Practically walked out, this looks like prayer about your specific day.  When religious people say, “cast your cares on God” it doesn’t mean that you just say, “Lord, I’m casting my care on you” and you’ll feel immediate relief.  God wants you to explain why you feel the way you do.   Go into detail with him in your prayer time like you would if your best friend is there.    For me, I had to change from praying whether or not to take an opportunity to pray what I was worried about if I did take it and what I was worried about if I didn’t.   The more effort I put into the relationship the more I’m filled with joy and peace.
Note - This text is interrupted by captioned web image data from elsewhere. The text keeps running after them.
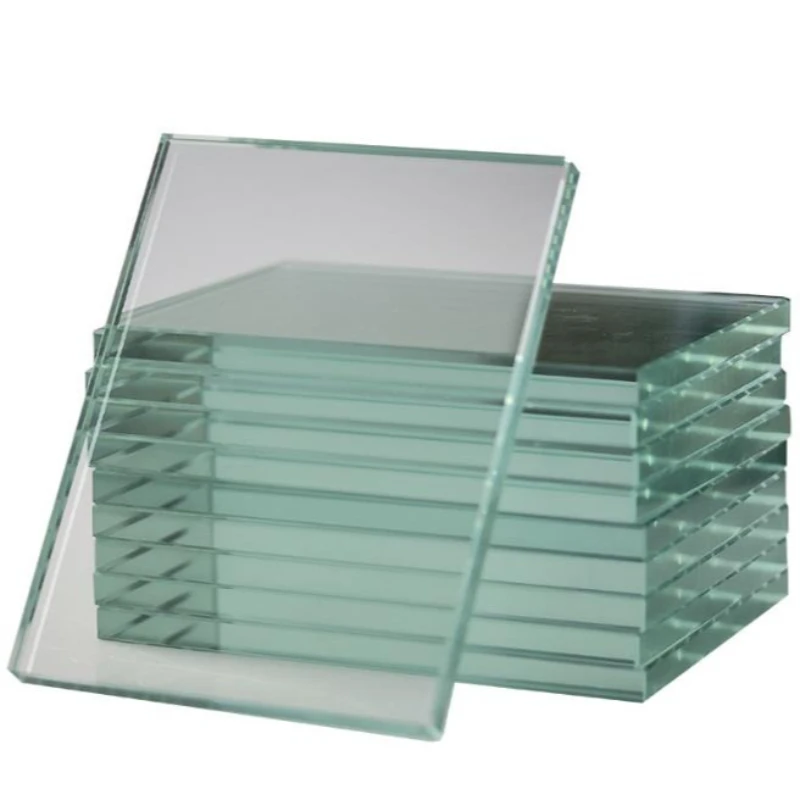 Lot de 5 plaques de mélange en verre pour laboratoire médical et dentaire, lissage des bords, sans irritation, matériel dentaire, outils de laboratoire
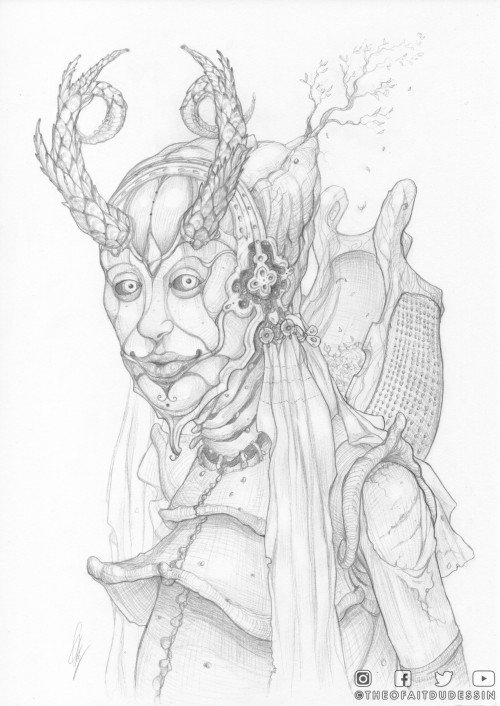 Masque ancestral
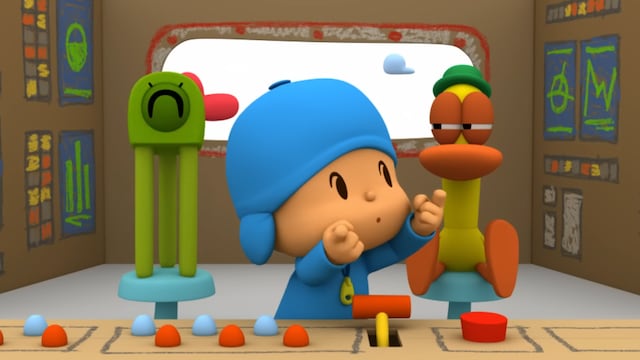 Pocoyó por la luna llena de febrero 2025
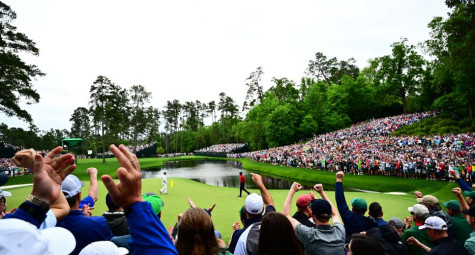 The Masters 2020 cấm khán giả vào sân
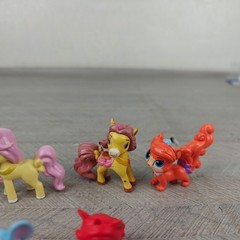 Disney Princess Palace Pets Mini Figures Lot Of 12 Collectible Toys Multi-Color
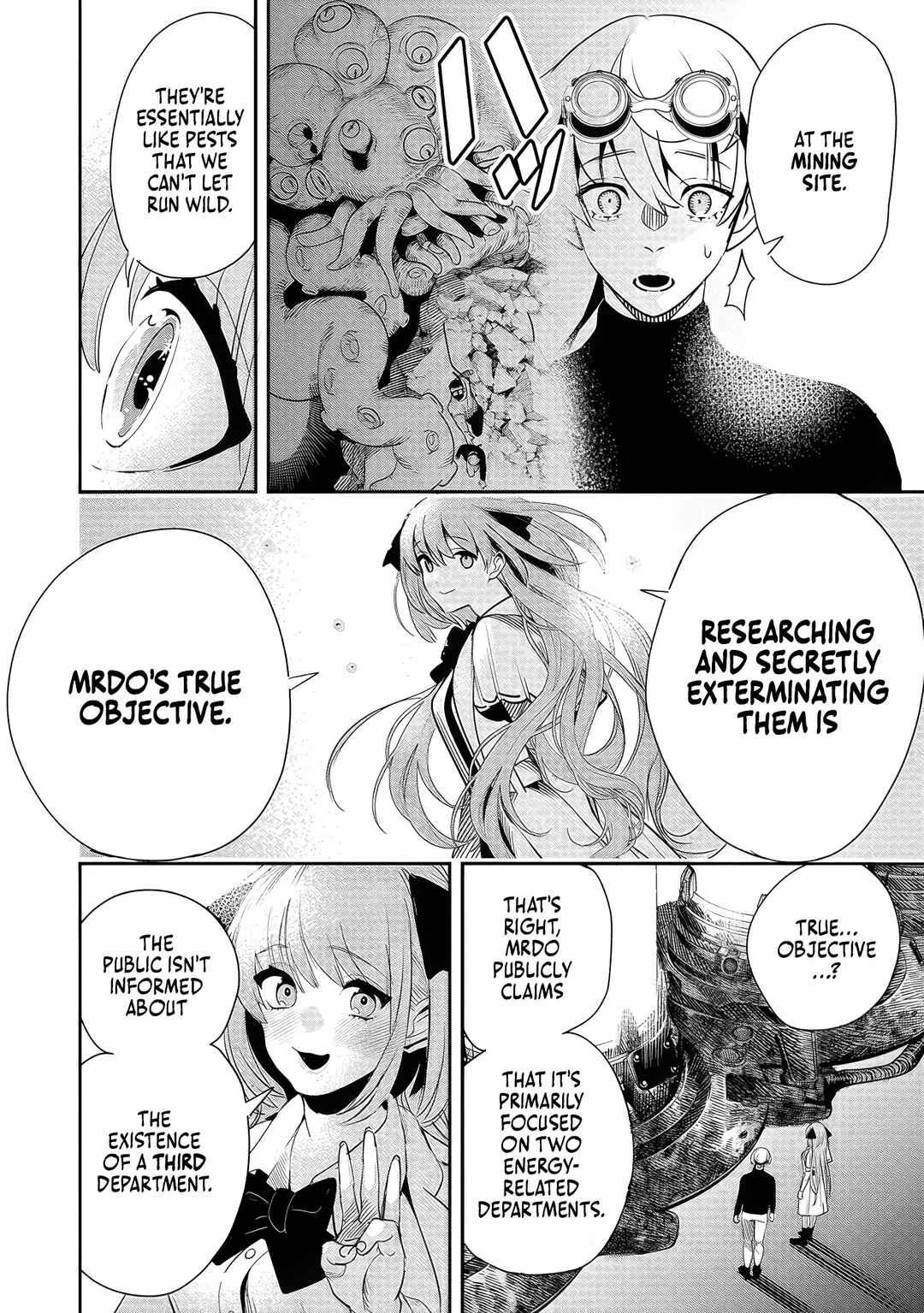 Hyoukaku no Meteoria Chapter 2 - Page 39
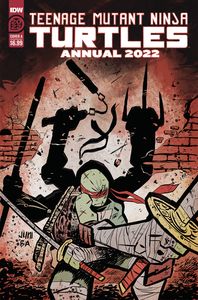 [Teenage Mutant Ninja Turtles: Annual: 2022 #1 (Cover A Juni Ba) (Product Image)]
I spent the better part of my life trying to figure out why God made me.  God’s blessed me with front-row seats to some miracles and some divine appointments.   I’d ask, “why not me?”  However, often I’d be obsessive even to the point of depression that I could not figure out what I’m supposed to be doing.   I’d ask, “how will God use me?”  For me, I had to realize that “purpose” was not synonymous with value.  If I was doing something important then surely I’m valuable.   Our value isn’t determined by what we do!  Our value is determined by what Jesus did.  That’s the difference between Christianity and every so-called religion.  Once I realized that my pursuit of purpose had become a form of idolatry and that I needed to replace it with a pursuit of God I was no longer obsessed.